Museo Universitario de Arte Contemporaneo (MUAC), Mexico City. Photo: Salvador Medina. Creative Commons / CC BY-ND 2.0

Mexico City’s Museo Universitario de Arte Contemporaneo (MUAC) has taken down two works by Ana Gallardo in the Argentinian artist’s current solo exhibition Tembló acá un delirio.

The work that sparked criticism, Extracto para un fracasado proyecto (Extract from a Failed Project, 2011–24), features an unpunctuated text etched across a museum wall which narrates the artist’s engagement with Estela, a former resident at Casa Xochiquetzal, a Mexico City shelter for elderly sex workers. The text describes Estela as an ‘old sick whore’ who she visited and cared for before Estela’s death. 

According to the museum, Extracto para un fracasado proyecto belongs to a larger body of work addressing the struggles and frustrations the artist faced in ‘a society that abandons its elderly’. However the language used was negatively received, especially among members of Casa Xochiquetzal. On 9 October the shelter published a statement on Facebook describing Gallardo’s text as containing ‘insults’ as well as ‘lies’.

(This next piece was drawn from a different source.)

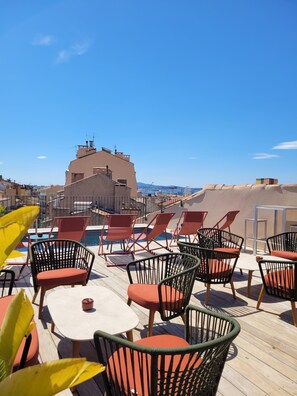 Seasonal outdoor pool, open 8:00 AM to 7:00 PM, pool loungers - Grand Hôtel Dauphiné Toulon, Boutique Hôtel & Suites (Toulon)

‘Ana Gallardo uses as an insult the word “whore” and the expression “daughter of a whore” repeatedly, which if in themselves are misogynous insults, when directed precisely to Casa Xochiquetzal, to its then director and its inhabitants, become even more serious,’ the statement writes.

‘That person didn’t spend “some time” taking care of Estela, as the piece says, but she did it one day and never came back… If she had been near the house, she would know that the words “prostitute” and “whore” are painful words for the inhabitants of the Casa, and now with this piece she is revictimising them and pushing people to name them that way.’

MUAC initially responded with a statement defending the artist’s freedom of expression. As protests escalated, however, it first limited audience entering the space. Then, after graffiti was written on its exterior walls – reading ‘Total Respect for Sex Work’ and calling the museum as ‘whorephobic’ – the museum yesterday took down the piece.